The EU network and information security (NIS) directive is one of the first legislative frameworks that applies to platforms. In line with the Digital Single Market strategy, it establishes harmonised requirements for platforms and ensures that they can expect similar rules wherever they operate in the EU.
The new EU law lays down security and reporting obligations for “operators of essential services” in sectors such as energy, transport, health, banking and drinking water supply. EU member states will have to identify entities in these fields using specific criteria, for example, whether the service is critical for society and the economy and whether an incident would have significant disruptive effects on the provision of that service.

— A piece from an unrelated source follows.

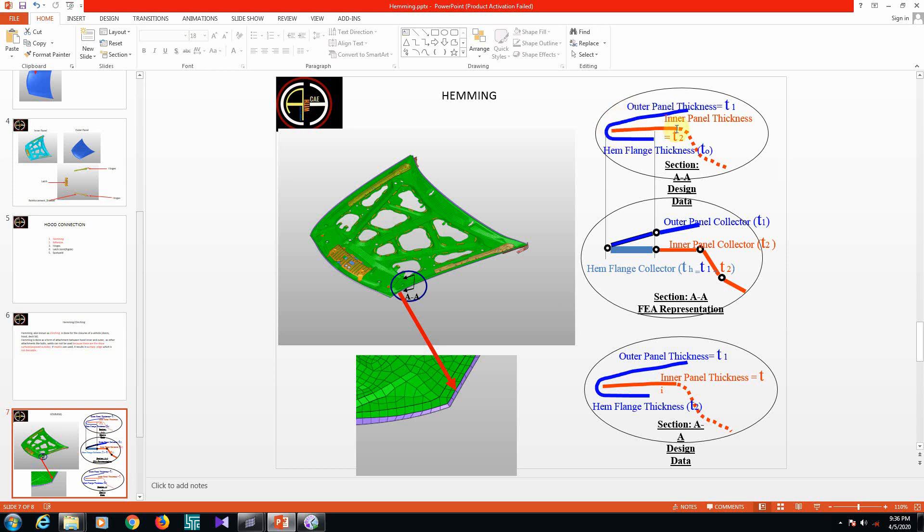In the slide you can see the hemming process. The outer panel thickness is t1 and the inner panel thickness is t2. In meshing, only the outer panel is meshed up to the hem point — the hemming area itself is not meshed separately. The outer panel has thickness t1 up to the hem, and the extra thickness t2 of the inner panel is then added to the inner panel elements.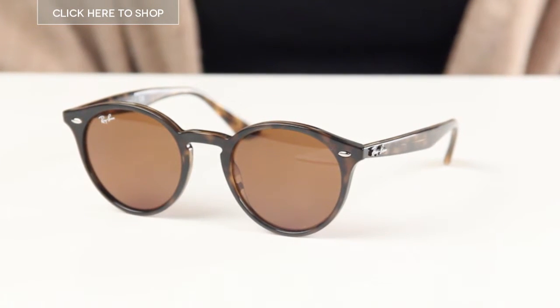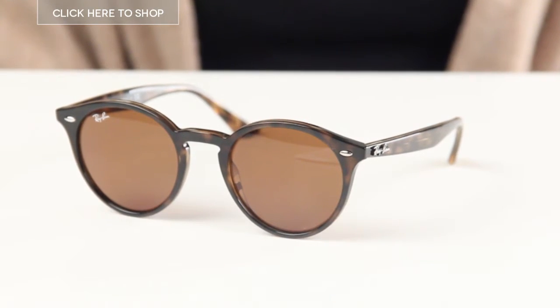These sunglasses are unisex and the frames are a classic 60s inspired design. The colour is brown and the lenses are also brown. The polycarbonate lenses measure 49mm from here to here and they offer 100% UV protection.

Some digital service providers including online marketplaces, search engines and cloud services will also have to take measures to ensure the safety of their infrastructure and will have to report major incidents to national authorities. The security and notification requirements are, however, lighter for these providers. Micro and small digital companies will be exempt from these requirements.
The new rules provide for a strategic “cooperation group” to exchange information and assist member states in cybersecurity capacity-building. Each EU country will be required to adopt a national NIS strategy.
Member states will also have to set up a network of Computer Security Incident Response Teams (CSIRTs) to handle incidents and risks, discuss cross-border security issues and identify coordinated responses. The European Network and Information Security Agency will play a key role in implementing the directive, particularly in relation to cooperation. The need to respect data protection rules is reiterated throughout the directive.
EU member states have 21 months to transpose the directive into their national laws and six additional months to identify operators of essential services.